The European public sector is still in the early stages of adopting green IT and should be incorporating this into its overall strategy, analyst group Ovum has told us.
Sarah Burnett, a senior analyst, told us that “progress had been made” in this sector, however, public sector organisations are not yet strategically and developing green IT within their overall structure.
She said this could lead to an initiative that gets the ball rolling in one department but then offsetting it in another department by completely ignoring green initiatives. Essentially, with many EU organisations, one limb is working to keep the body moving towards an ecologically sound institute, but others are locking up and refusing to move. Efforts need to be made to convince executives and move organically towards energy efficiency.
The advice from Ovum follows a collaboration between the analysts and Dell last month, where the two worked together to produce a whitepaper, written by Ms Burnett, looking into the European Union and national government policies and initiatives, as well as interviewing IT managers and other contacts within the European public sector to find out their green IT initiatives.

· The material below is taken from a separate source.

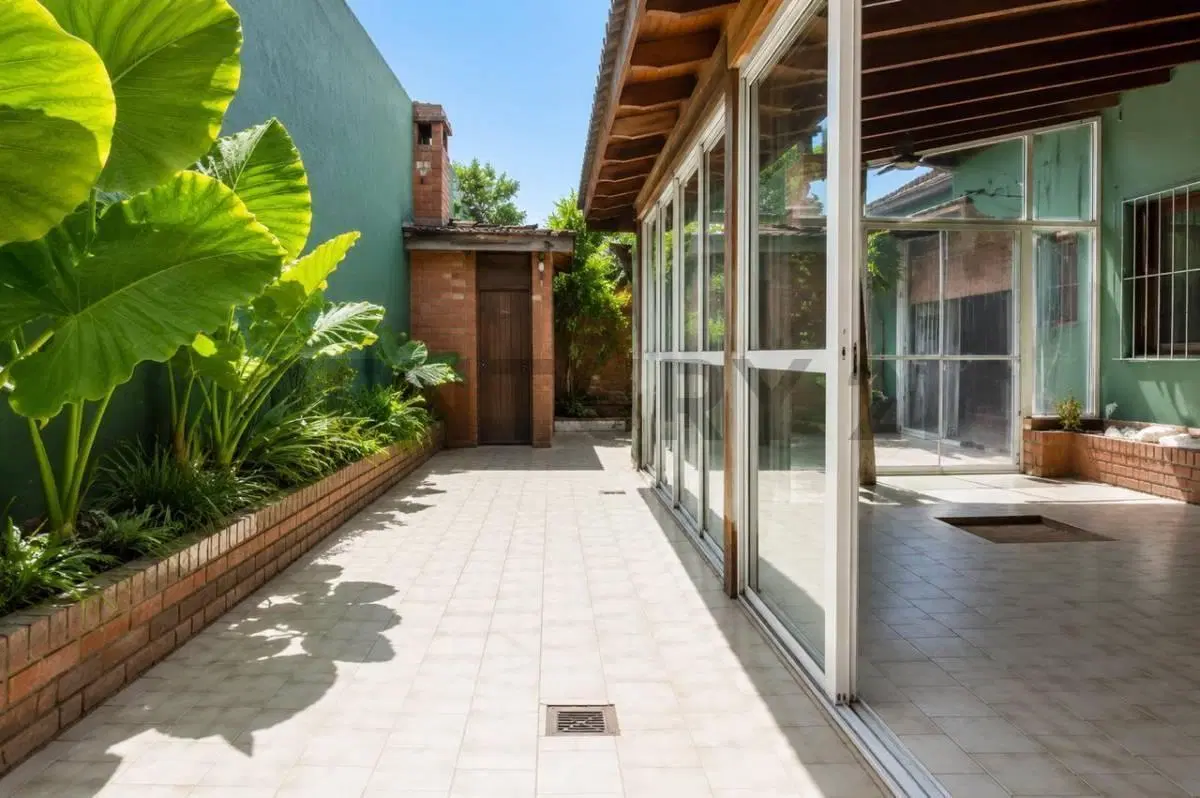 Oportunidad de inversión - Casa de 6 Habientes con gran potencial 8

Amongst other things the whitepaper said: “On the face of it, there is a growing list of business drivers for green IT, but they are failing to compel executives to action.”
One example was the cost of power, which grows along with population and demand in both developed and developing economies. However, Burnett said Green IT isn’t being recognised as much as it should be. Burnett told TechEye:
“Green IT is a consideration in many of the people we spoke to and although the majority of our contacts believed that it was very important to reduce greenhouse gases to save the planet, they also believed that reducing costs was equally if not more important.
“This indicates that green IT for the sake of the planet by itself is not considered enough of a driver for change. It has to make business sense and deliver monetary value if it is to be widely adopted.”
One thing that has to be considered is the long term monetary gains efforts to be more green can go to. By making changes in infrastructure, organisations will have to bite the first bullet but eventually less will have to be spent on power and clean-up operations.
However, Burnett told us that some are putting ideas into place. At a basic level this includes setting up remote working for staff in order to save on unnecessary travel. She also said some companies could look at their supply chain in order to minimise the number of unnecessary deliveries.
Other basic options for companies to consider include using products with the Energy Star logo, which signifies that an appliance will not exceed a specified level of energy consumption in standby mode and adhering to the Waste Electrical and Electronic Equipment (WEEE) directive, which is designed to minimise the impact of electrical and electronic goods on the environment by promoting more reuse and recycling of goods and reducing the amount of WEEE going onto landfill sites.
If you cast your mind back to just the beginning of the year you will remember Dell has taken a lot of flak from ecologically concerned groups, and rightly so. However it makes sense for Dell to have partnered with Ovum on the whitepaper – the amount of scrutiny and quick thinking Dell has had to make after what some would call irresponsible ecological management has forced it into climbing the charts and becoming one of the more green-fingered companies in the technology space.